Where communities thrive


  • Join over 1.5M+ people
  • Join over 100K+ communities
  • Free without limits
  • Create your own community
People
Activity
    Cameron Davidson-Pilon
    @CamDavidsonPilon

    @robdmc, but dates isn't an unknown, is it? If not, if could be a global variable. If it is unknown, then I think you'll need to "flatten" it, i.e. one parameter for each element of the list.

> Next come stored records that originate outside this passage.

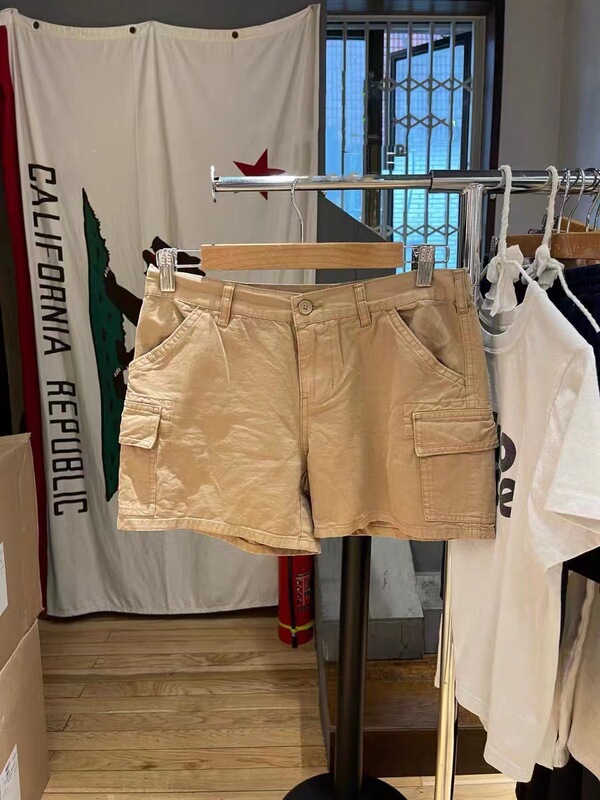 BM style American retro high waist bm work shorts women's multi-pocket straight pants sports casual pants BM style American retro high waist bm work shorts women's multi-pocket straight pants sports casual pants
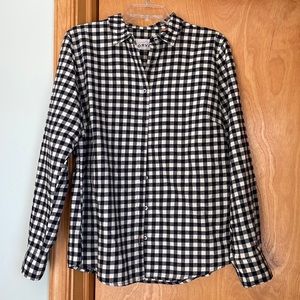 White and blue checkered Orvis flannel button down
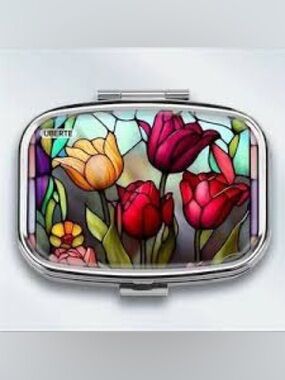 Vibrant floral stained glass design  2 Compartment Travel/Purse Pill Box. New.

    Can you tell me more about this seasonal model?

    Rob deCarvalho
    @robdmc
    @CamDavidsonPilon You are correct. dates are not an unknown. They are known constants. It makes sense that everything that goes into params should be unknown. Not sure what I was thinking there. Putting it in a global/class/instance variable makes sense. I just want to be sure I understand how _cumulative_hazard() is called.
    params: get tweaked by the optimization
    times: the times passed into the fitter as "durations"
    return: The cumulative hazard encountered over the duration represented by each time
    Is that right?
    Rob deCarvalho
    @robdmc
    The process I am trying to model consists of two competing kinds of events. The hazard for each event is a function of date. So the cumulative hazard for each time would be the integral of the hazard from the "start_date" to the "end_date". (where these can be derived from an element of time and its corresponding date.) What I really care about is the cumulative incidence function (CIF) for each kind of event. If the idea of getting dates into the _cumulative_hazard function works, then I was hoping to use this technique to model the CIF for one of the competing event types.
    Is this making sense?
    Cameron Davidson-Pilon
    @CamDavidsonPilon

    Your explanation of _cumulative_hazard is correct. But you can also see it as simply the cumulative hazard you wish to implement (i.e., not necessary to think about "durations" or "unknowns")

    I was thinking about your seasonal model, and actually tried to code something up, but there is a problem I think. The _cumulative_hazard is invoked for both the censored and uncensored data, so your code needs to handle that (and you won't know which until you see the shapes of the input data)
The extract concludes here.